[Opening Source data section]

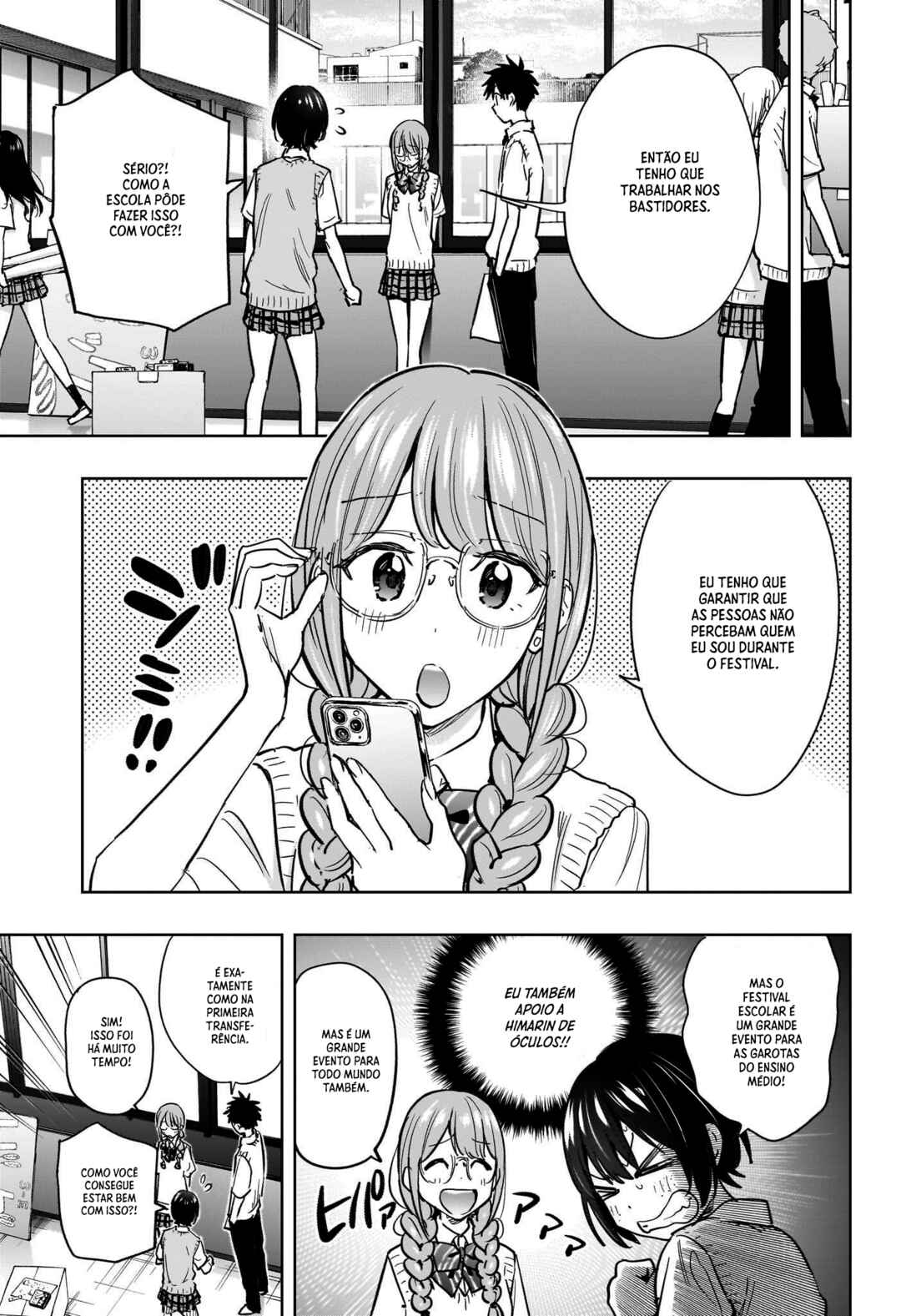 Chapter 43 - Page 13
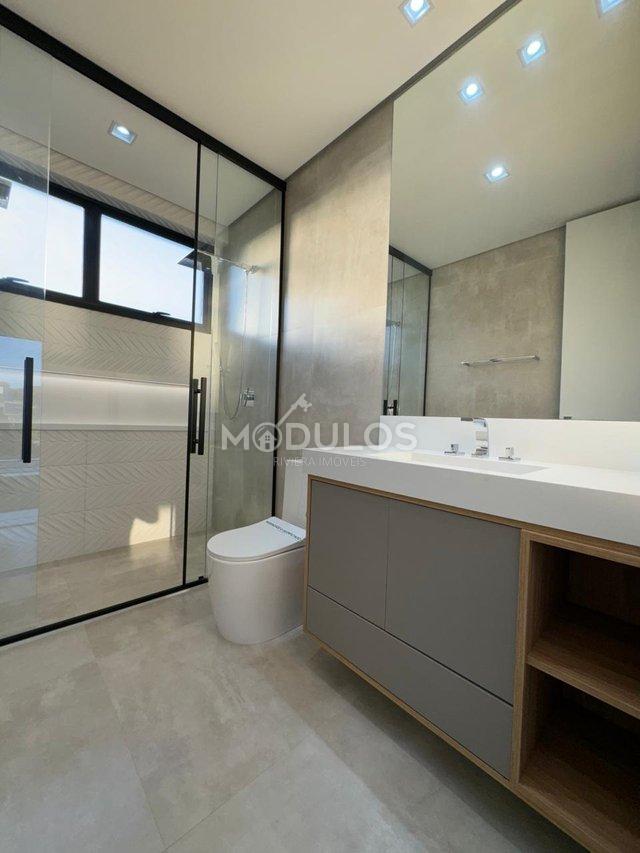 Mansão resort com 7 suítes disponível para venda, 1.044 m² por R$ 29.900.000,00 Alameda Sulu Bertioga - 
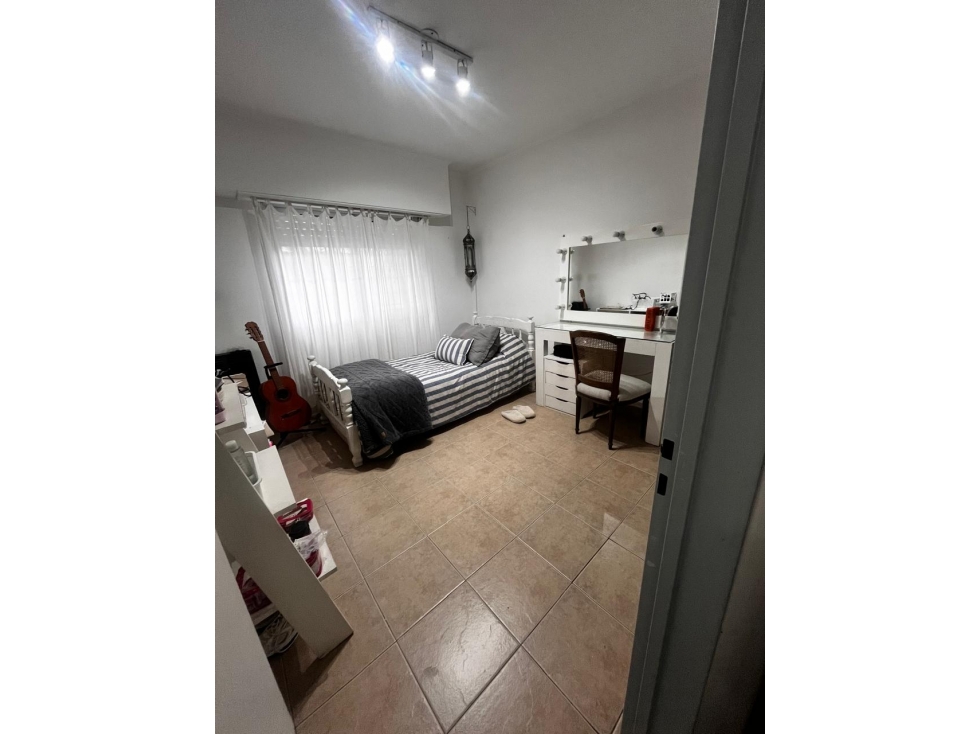 DEPARTAMENTO "AVELLANEDA" en ALQUILER - 5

[Closing Source data section]

» **Exercise details**:
Only those lines from the one containing "Mansão resort com" to the end of the material above, retyped exactly and without pictures, belong in your reply.

» **Output for this exercise**:
 Mansão resort com 7 suítes disponível para venda, 1.044 m² por R$ 29.900.000,00 Alameda Sulu Bertioga - 
 DEPARTAMENTO "AVELLANEDA" en ALQUILER - 5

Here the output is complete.